Who’s on first, What’s on second, I Don’t Know is on third.
About This Quote
The line comes from Abbott and Costello’s famous “Who’s on First?” routine, a fast-paced baseball sketch built on misunderstandings over players whose names are ordinary interrogatives (“Who,” “What,” “I Don’t Know”). Lou Costello plays the exasperated straight man trying to learn the lineup, while Bud Abbott calmly answers with the players’ “names,” escalating the confusion. The routine was developed in their vaudeville act and became nationally popular through radio and film appearances in the early 1940s, cementing Abbott and Costello as major American comedians and making the sketch a touchstone of wordplay-based comedy.
Interpretation
On the surface, the sentence is a simple roster: first base is “Who,” second is “What,” and third is “I Don’t Know.” Its comic force comes from collapsing two functions of language—asking a question and giving an answer—into the same words. Costello’s frustration mirrors the audience’s awareness that the “answers” are technically correct yet pragmatically useless, because they refuse to resolve the conversational intent.

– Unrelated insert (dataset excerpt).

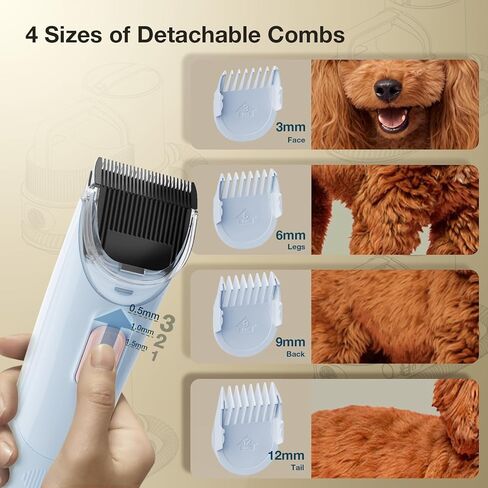 PETGUGU Dog Grooming Vacuum, Pet Grooming Vacuum with Clipper Nail Grinder, 2.5L Dust Cup Dog deshedding Brush with 7 in 1 Dog Grooming Kit,3 Settings Adjustable Speed and Temperature Control Blower in Kuwait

The line showcases how comedy can arise from semantic ambiguity and conversational misalignment, and it has endured as a shorthand for circular confusion, miscommunication, and the limits of literalism.
Variations
1) “Who’s on first, What’s on second, I Don’t Know’s on third.”
2) “Who is on first; What is on second; I Don’t Know is on third.”
3) “Who’s on first, What’s on second, and I Don’t Know’s on third.”
Source
Abbott and Costello, “Who’s on First?” (performed in the film The Naughty Nineties, released by Universal Pictures, 1945).